::: SOURCE MATERIAL :::

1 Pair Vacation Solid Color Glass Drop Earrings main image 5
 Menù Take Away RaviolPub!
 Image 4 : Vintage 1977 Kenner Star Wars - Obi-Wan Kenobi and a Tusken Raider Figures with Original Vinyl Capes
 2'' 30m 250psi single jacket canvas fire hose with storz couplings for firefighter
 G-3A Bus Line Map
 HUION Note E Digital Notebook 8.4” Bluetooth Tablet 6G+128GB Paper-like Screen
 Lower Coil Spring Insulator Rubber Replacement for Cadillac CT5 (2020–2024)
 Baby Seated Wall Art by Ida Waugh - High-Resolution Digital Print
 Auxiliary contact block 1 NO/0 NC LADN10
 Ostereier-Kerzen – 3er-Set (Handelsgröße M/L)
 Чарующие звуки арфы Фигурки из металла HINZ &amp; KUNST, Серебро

:::

• **WHAT NEEDS TO BE DONE**: Return the full listing. Keep each line exactly as it stands.

• **FINISHED EXERCISE**:
1 Pair Vacation Solid Color Glass Drop Earrings main image 5
 Menù Take Away RaviolPub!
 Image 4 : Vintage 1977 Kenner Star Wars - Obi-Wan Kenobi and a Tusken Raider Figures with Original Vinyl Capes
 2'' 30m 250psi single jacket canvas fire hose with storz couplings for firefighter
 G-3A Bus Line Map
 HUION Note E Digital Notebook 8.4” Bluetooth Tablet 6G+128GB Paper-like Screen
 Lower Coil Spring Insulator Rubber Replacement for Cadillac CT5 (2020–2024)
 Baby Seated Wall Art by Ida Waugh - High-Resolution Digital Print
 Auxiliary contact block 1 NO/0 NC LADN10
 Ostereier-Kerzen – 3er-Set (Handelsgröße M/L)
 Чарующие звуки арфы Фигурки из металла HINZ &amp; KUNST, Серебро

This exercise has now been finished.